"There are huge challenges over there," my kindergarten daughter's teacher remarked, unaware
these were the very demons that had exercised my mind from childhood.
My wife, Livina, and I had just made a presentation on Africa to a class full of kids my
daughter's age. We shared with them stories about Africa from a slant contrary to popular
imagination. We narrated folktales, sang, and even regaled them with dances.
From the looks on their faces, the way they danced and sang with us and asked for more
information, we knew we had ignited a powerful interest in their fertile minds. We knew,
without doubt, their parents would know no peace if they did not google up Africa and be ready
to talk about it to their kids in the days ahead.
Outside the earshot of the students, the teacher shared disturbing experiences she had when she
was working to build an orphanage for girls in Swaziland. Her work to help raise those abandoned
children, she said, was frustrated by traditions as hoary with age as the continent itself!
Much as I appreciated the long, hard road she traveled to an Africa where we, its children, dread
to live and flee in droves, my mind, however, was not on the harrowing challenges she recalled.
How could it be?
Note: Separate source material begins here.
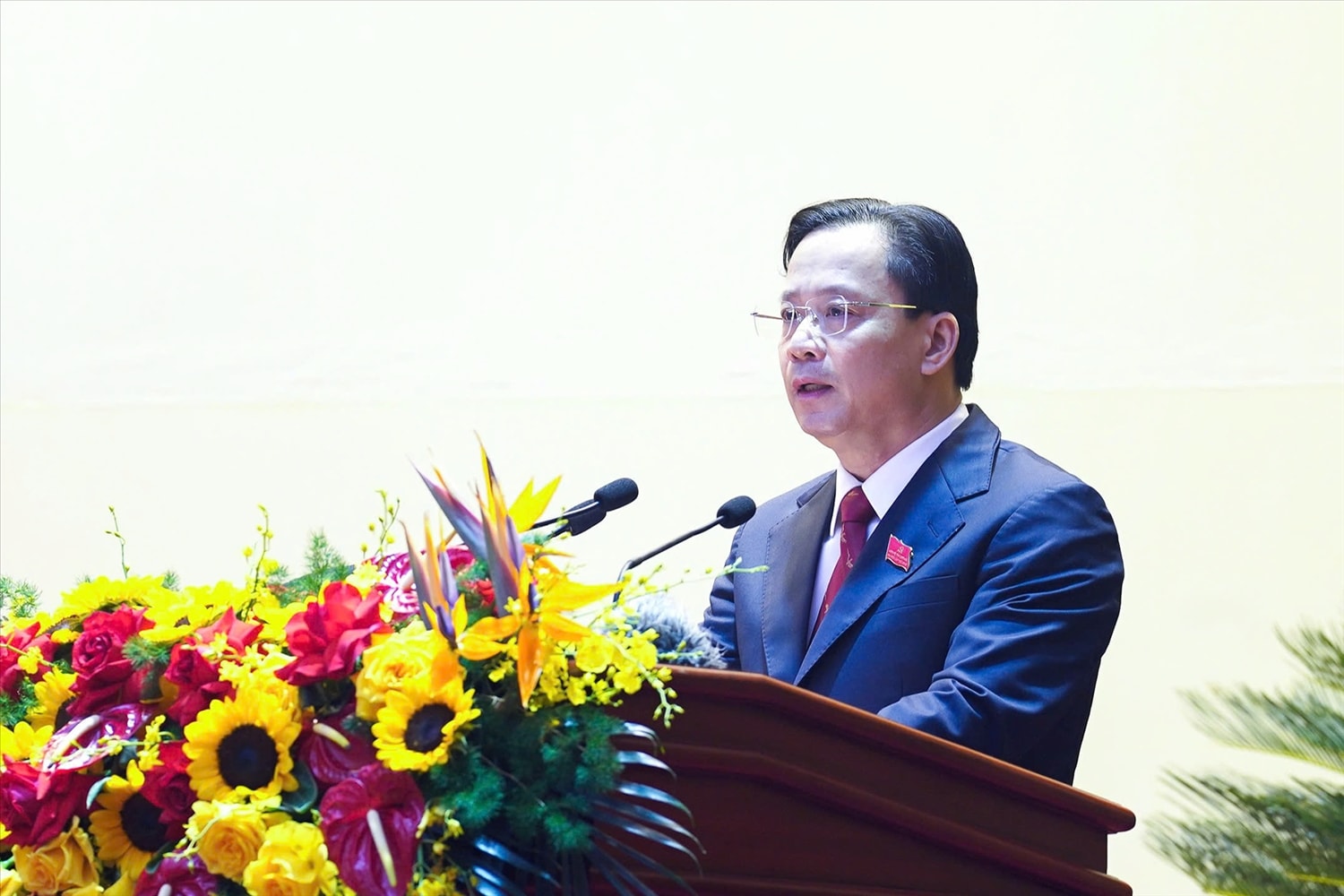 Ông Hoàng Văn Nghiệm - Bí thư Tỉnh ủy, Trưởng Đoàn đại biểu Quốc hội tỉnh Lạng Sơn phát biểu khai mạc Đại hội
Of what use was it telling a man about challenges he was born into, lived and
knew intimately for a good half of a century?
I had even tried to act on those challenges and had come to know the brutality James Baldwin
possibly meant when he wrote that, "To act is to be committed and to be committed is to be in
danger." So my mind was on where it has always loved to be -- the opportunities to teach and
bless as she had attempted to do. These were places my thoughts preferred to dwell, and I had not yet done enough thinking of solutions to allow myself the luxury of being worn out by the
challenges.
And so today I am not thinking about the challenges, gargantuan as they actually are out there.
No I am not thinking of internecine conflicts so commonplace in my homeland that they have
ossified global sensitivity to them.
I am not thinking of environmental degradations visited by multinational corporations with the
eager conspiracy of African leaders in a hurry to suck out easy money from the bowels of the
resources-rich continent. Though these disasters would take scores of years and billions of
dollars to clean up even with the best of intentions, I am right now not thinking about that.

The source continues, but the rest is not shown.